### Raw data
+---+

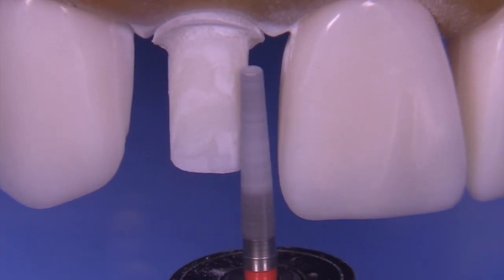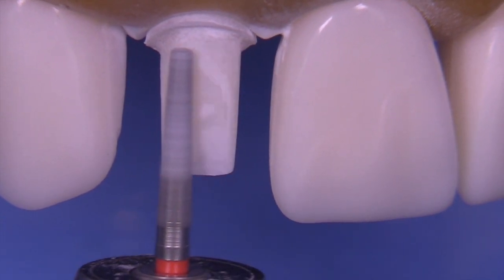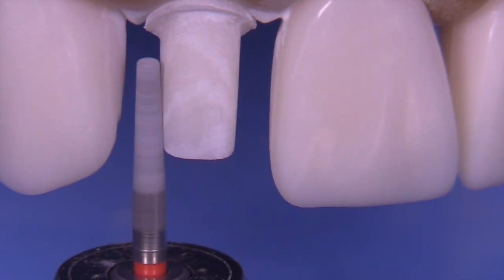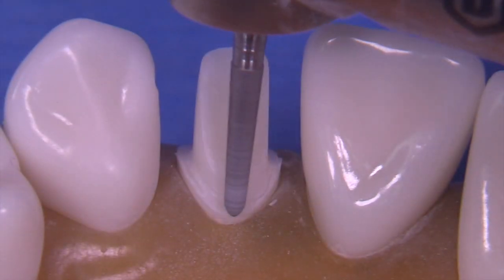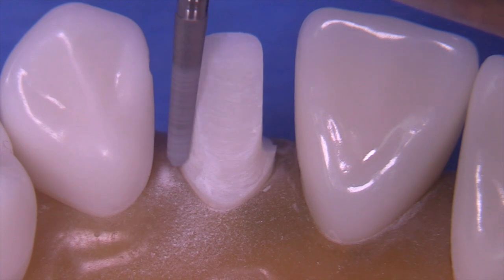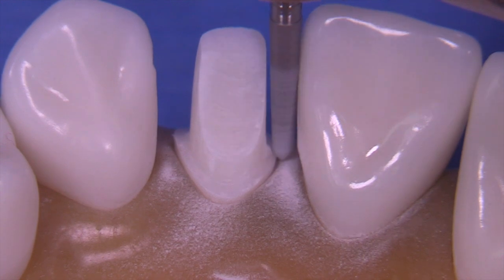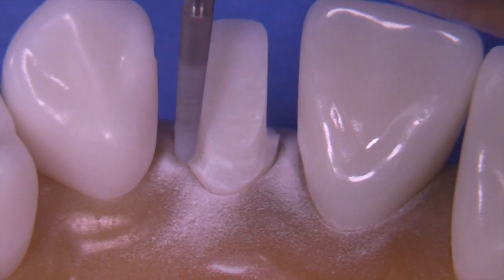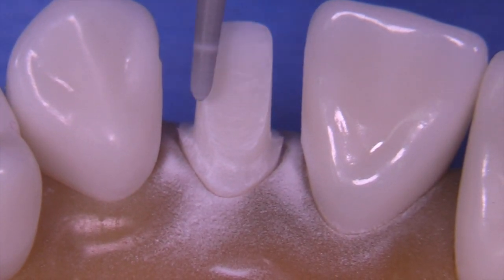Some people like to use a slow speed at this point, but I think a high speed or electric handpiece works out really well. Hold the bur straight up and down along the long axis of the tooth to get the right taper. Let the tapered edge of the bur create the taper that you need. This is just blending the chamfer to the shoulder with that little shoulder-bevel transition area we talked about at greater length on the central.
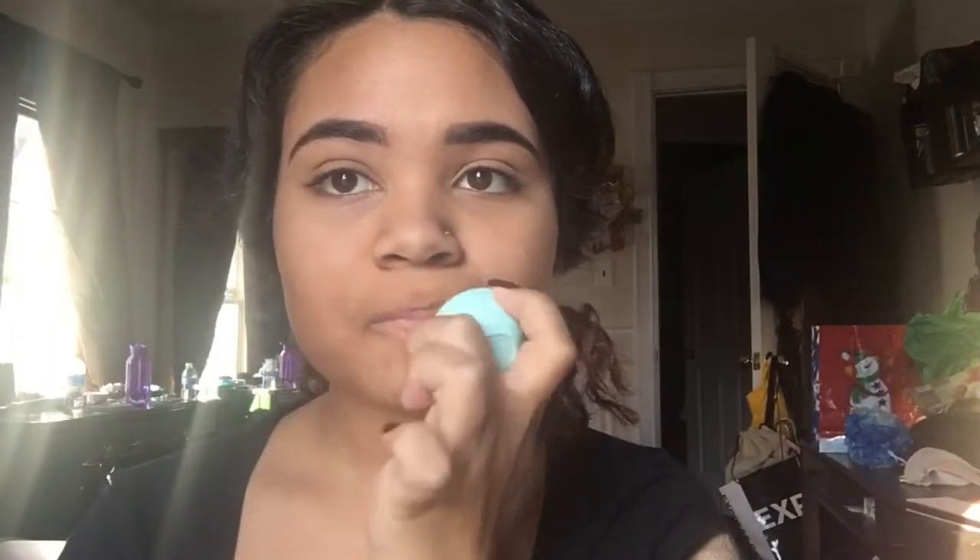And I'll see you guys in my next video, bye! So the first thing that I'm doing is I'm putting on some chapstick.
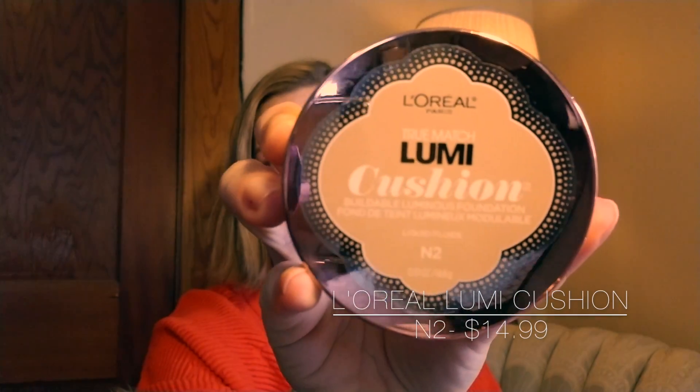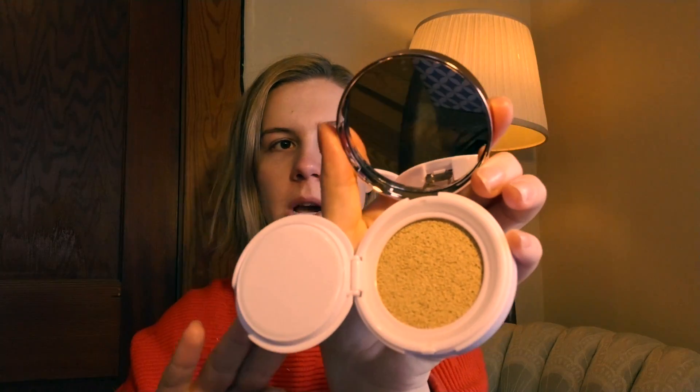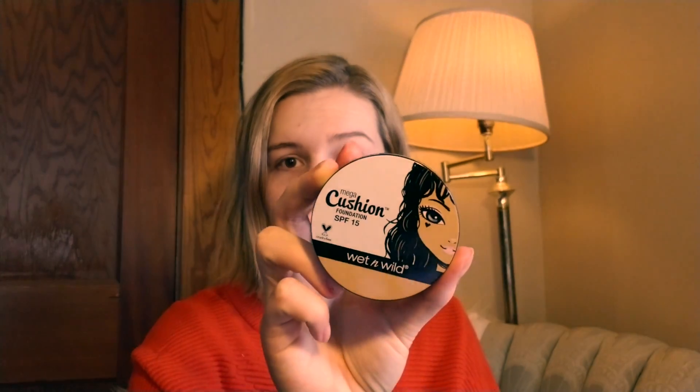The first one I have is the L'Oreal Lumi Cushion Foundation — I haven't tried this, I just opened it. I got this in shade N2, a neutral tone. I didn't want the more pinky tone because I like to neutralize my skin. This cost close to $16 at Target. Prices can vary and you can probably get it on sale or with 50% off.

+---+

### What needs to be done
Retype the listing above exactly, please. Pictures do not belong in the copy.

### Solution
Some people like to use a slow speed at this point, but I think a high speed or electric handpiece works out really well. Hold the bur straight up and down along the long axis of the tooth to get the right taper. Let the tapered edge of the bur create the taper that you need. This is just blending the chamfer to the shoulder with that little shoulder-bevel transition area we talked about at greater length on the central.
And I'll see you guys in my next video, bye! So the first thing that I'm doing is I'm putting on some chapstick.
The first one I have is the L'Oreal Lumi Cushion Foundation — I haven't tried this, I just opened it. I got this in shade N2, a neutral tone. I didn't want the more pinky tone because I like to neutralize my skin. This cost close to $16 at Target. Prices can vary and you can probably get it on sale or with 50% off.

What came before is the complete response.